Caption-style text data:
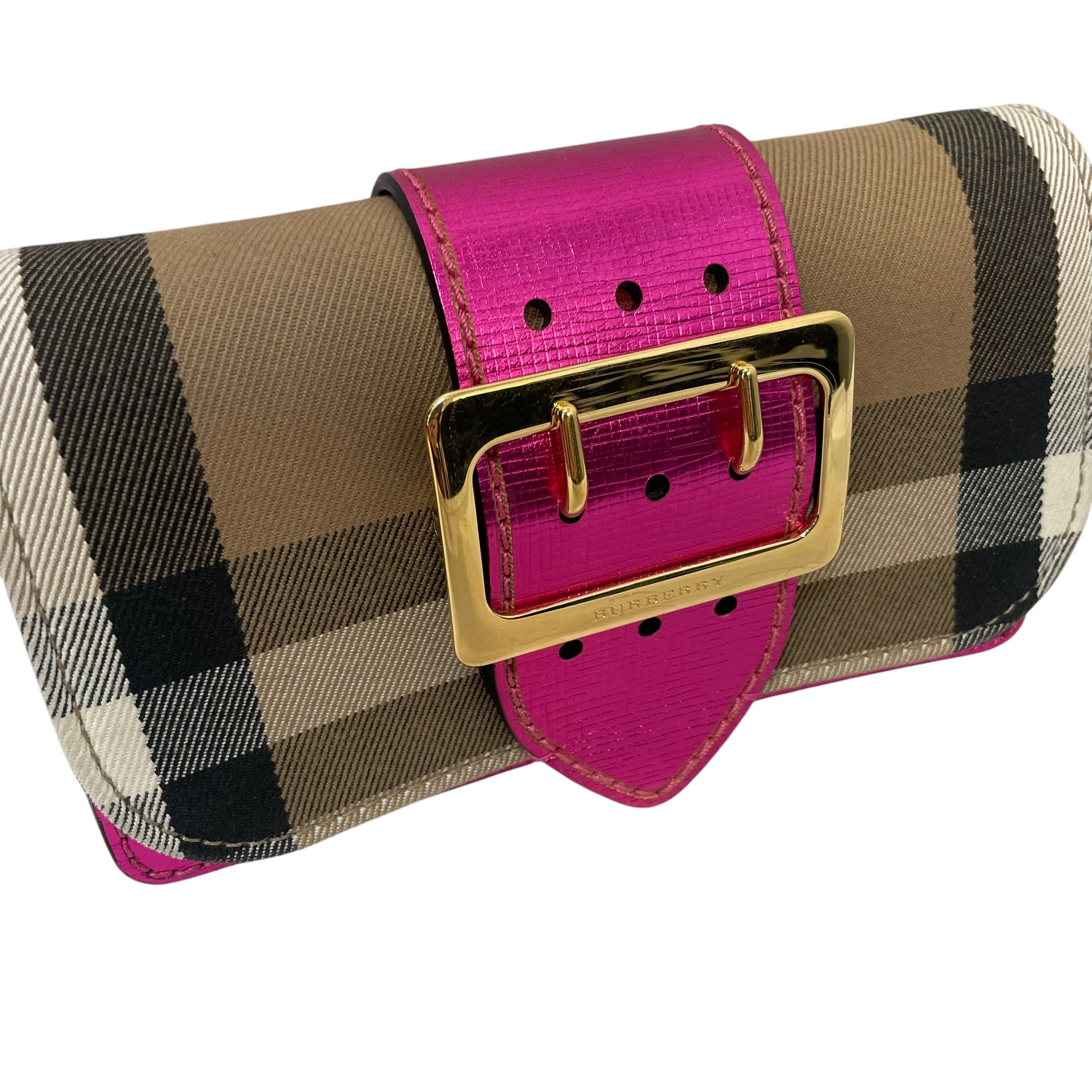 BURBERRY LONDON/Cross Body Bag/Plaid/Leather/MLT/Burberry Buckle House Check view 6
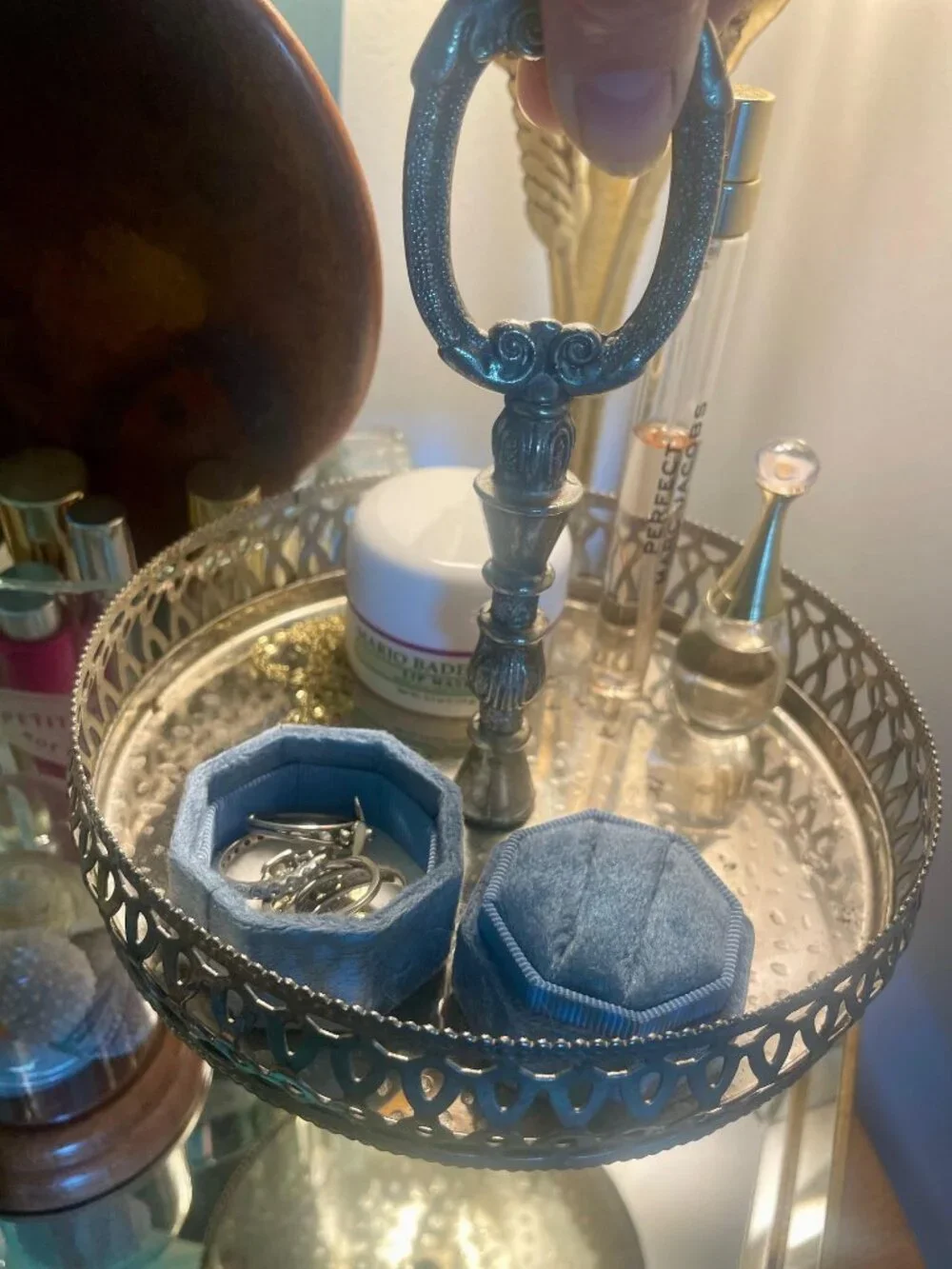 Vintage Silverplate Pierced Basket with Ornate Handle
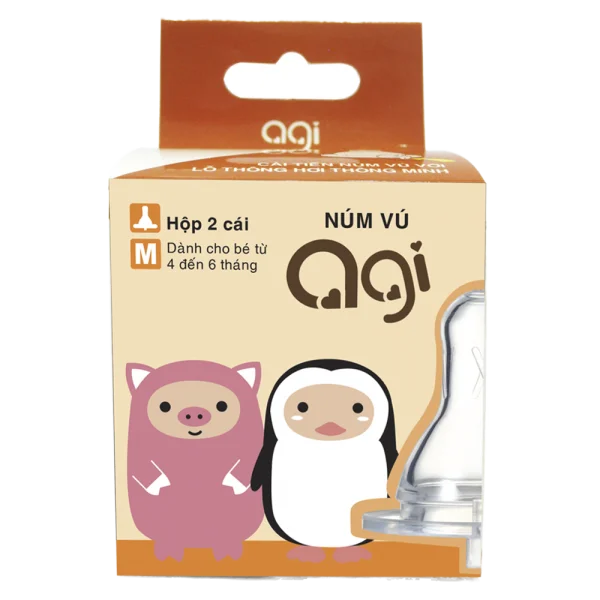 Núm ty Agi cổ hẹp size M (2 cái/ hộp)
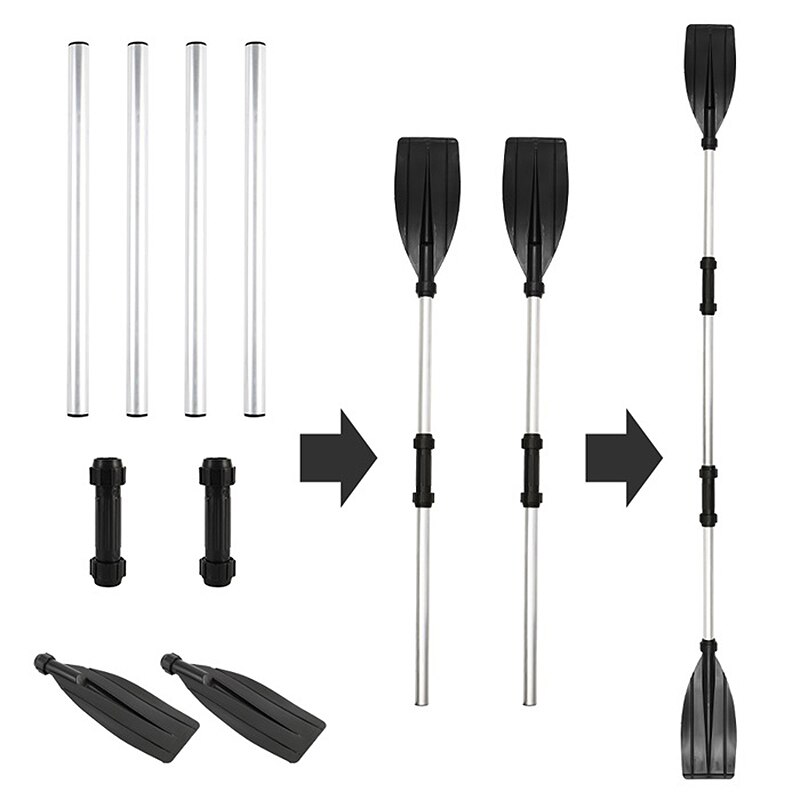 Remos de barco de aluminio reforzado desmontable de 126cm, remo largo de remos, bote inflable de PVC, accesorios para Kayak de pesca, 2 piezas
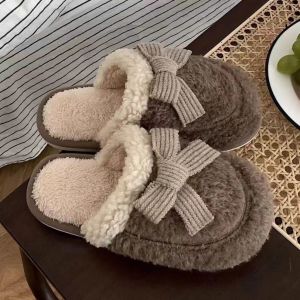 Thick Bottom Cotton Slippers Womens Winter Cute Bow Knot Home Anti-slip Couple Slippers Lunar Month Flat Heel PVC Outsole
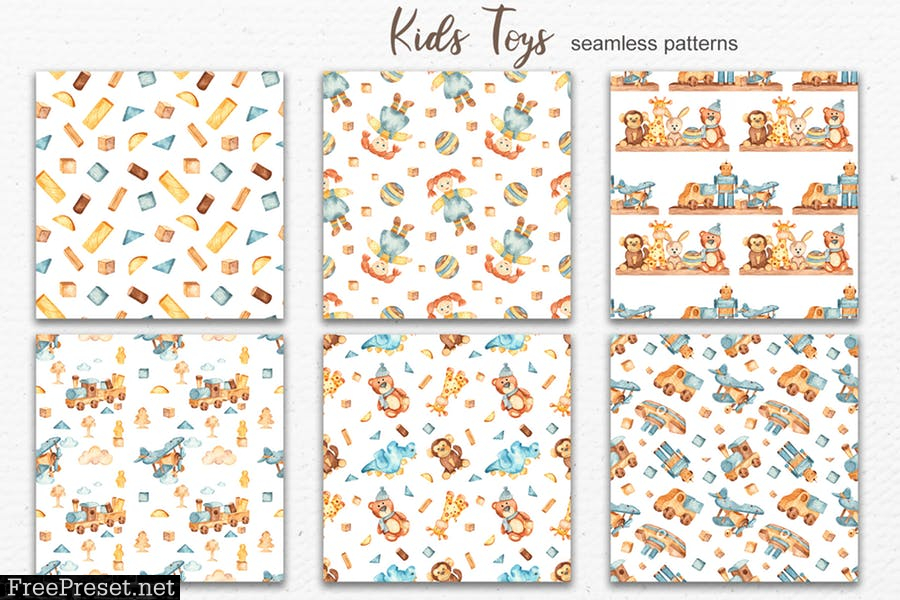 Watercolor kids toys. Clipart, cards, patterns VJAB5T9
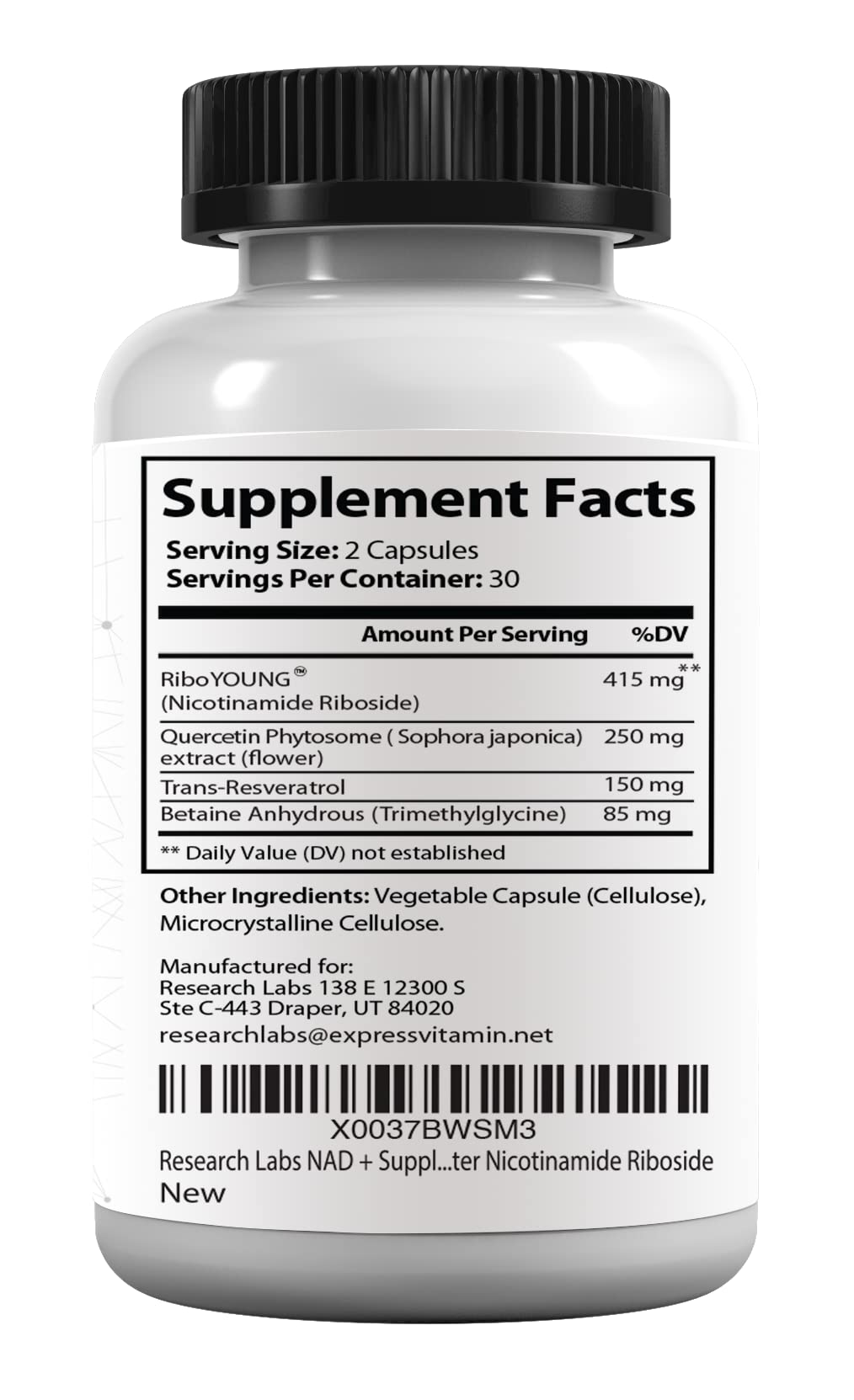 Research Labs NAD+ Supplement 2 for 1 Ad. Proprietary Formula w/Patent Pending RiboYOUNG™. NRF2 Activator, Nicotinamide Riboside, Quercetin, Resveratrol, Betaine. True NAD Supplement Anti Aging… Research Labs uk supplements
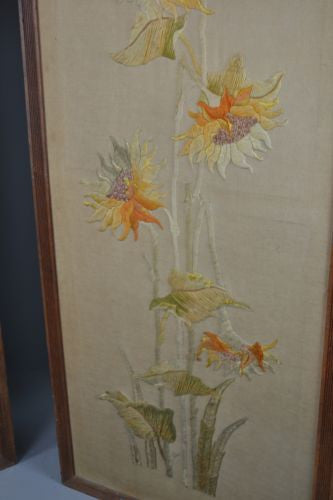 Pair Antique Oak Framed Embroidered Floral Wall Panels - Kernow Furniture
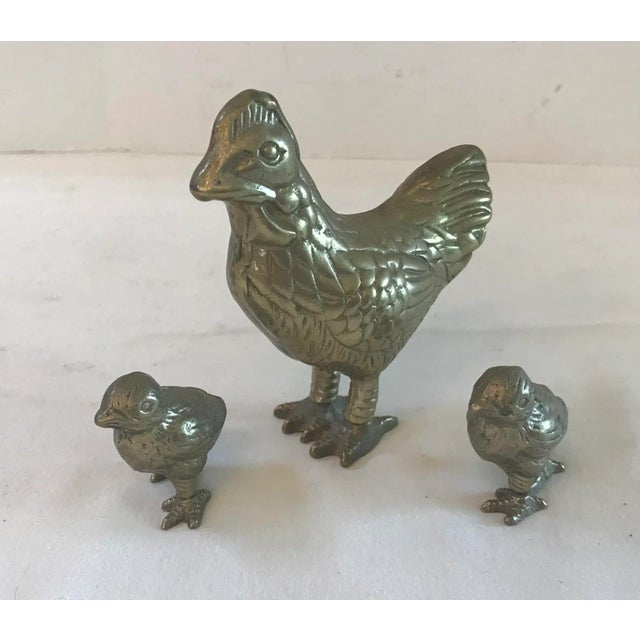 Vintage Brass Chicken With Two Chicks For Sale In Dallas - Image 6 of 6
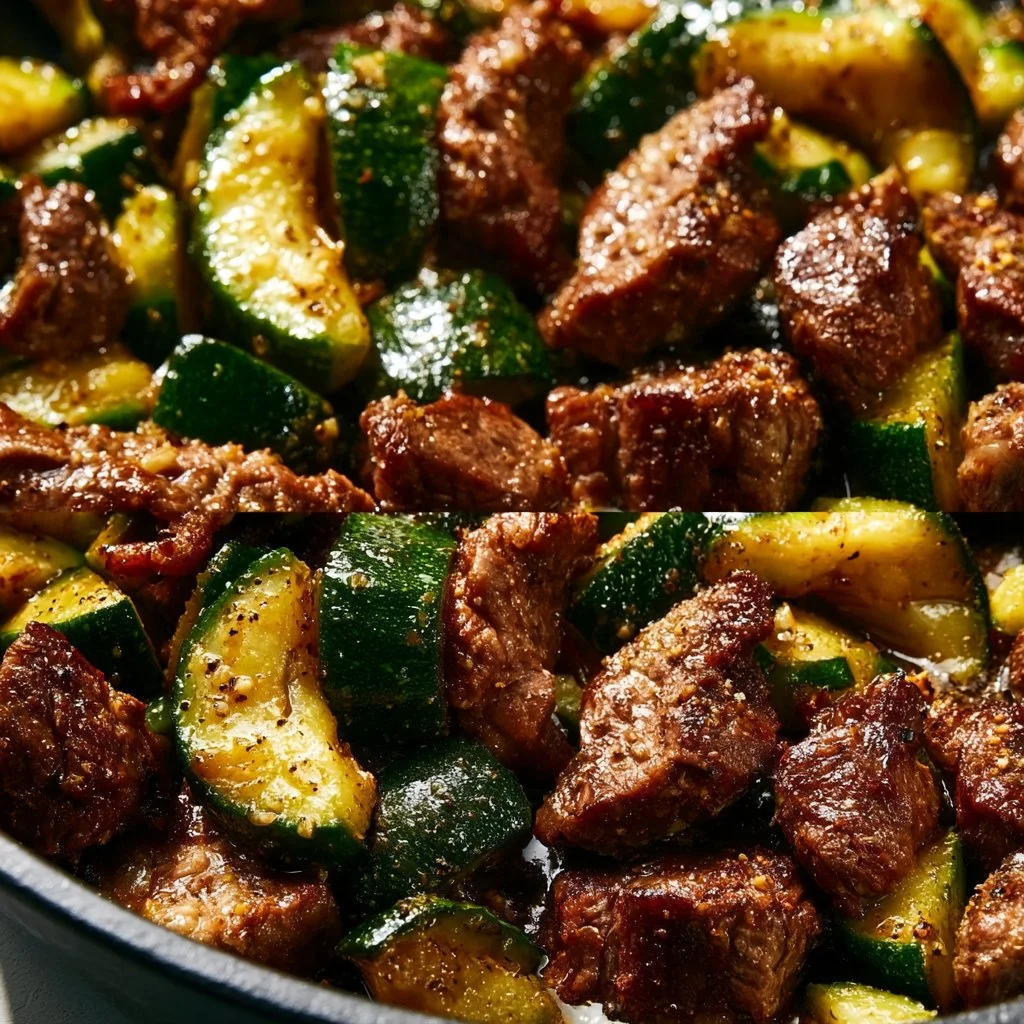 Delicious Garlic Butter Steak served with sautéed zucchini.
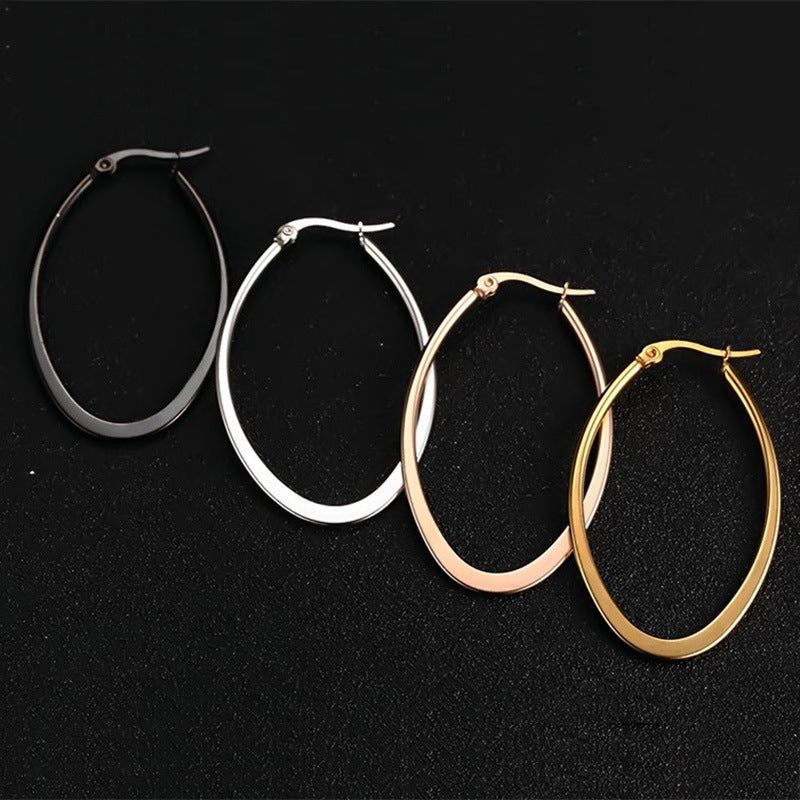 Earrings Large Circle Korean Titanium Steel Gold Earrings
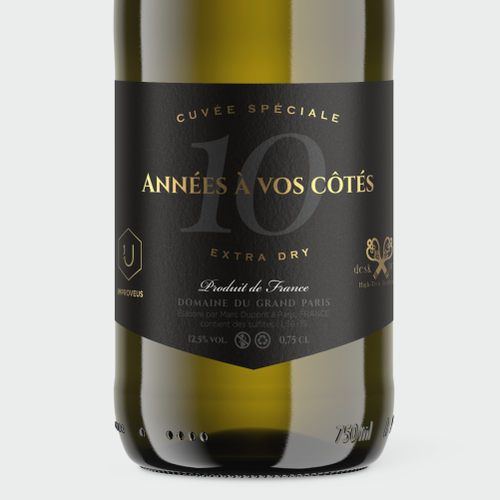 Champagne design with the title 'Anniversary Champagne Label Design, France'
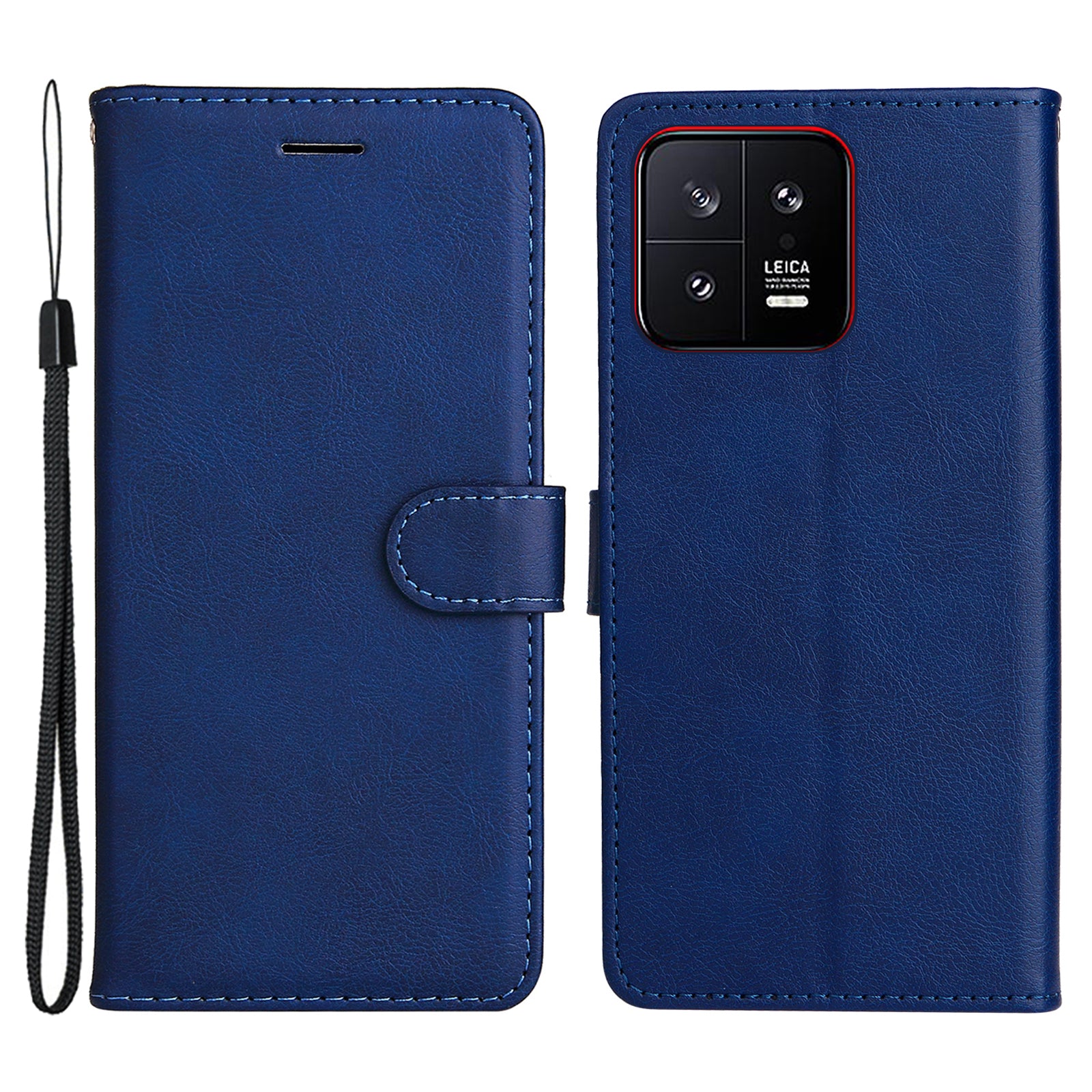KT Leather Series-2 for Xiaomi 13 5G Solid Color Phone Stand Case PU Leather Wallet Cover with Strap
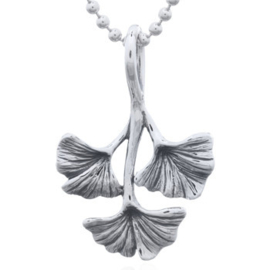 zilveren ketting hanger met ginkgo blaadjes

[TASK GOAL]:
Please output an exact repetition of the lines from the line containing "KT Leather Series-2" to the end of the records, both included, with no pictures and no additional text.

[THE COMPLETED TASK]:
KT Leather Series-2 for Xiaomi 13 5G Solid Color Phone Stand Case PU Leather Wallet Cover with Strap
 zilveren ketting hanger met ginkgo blaadjes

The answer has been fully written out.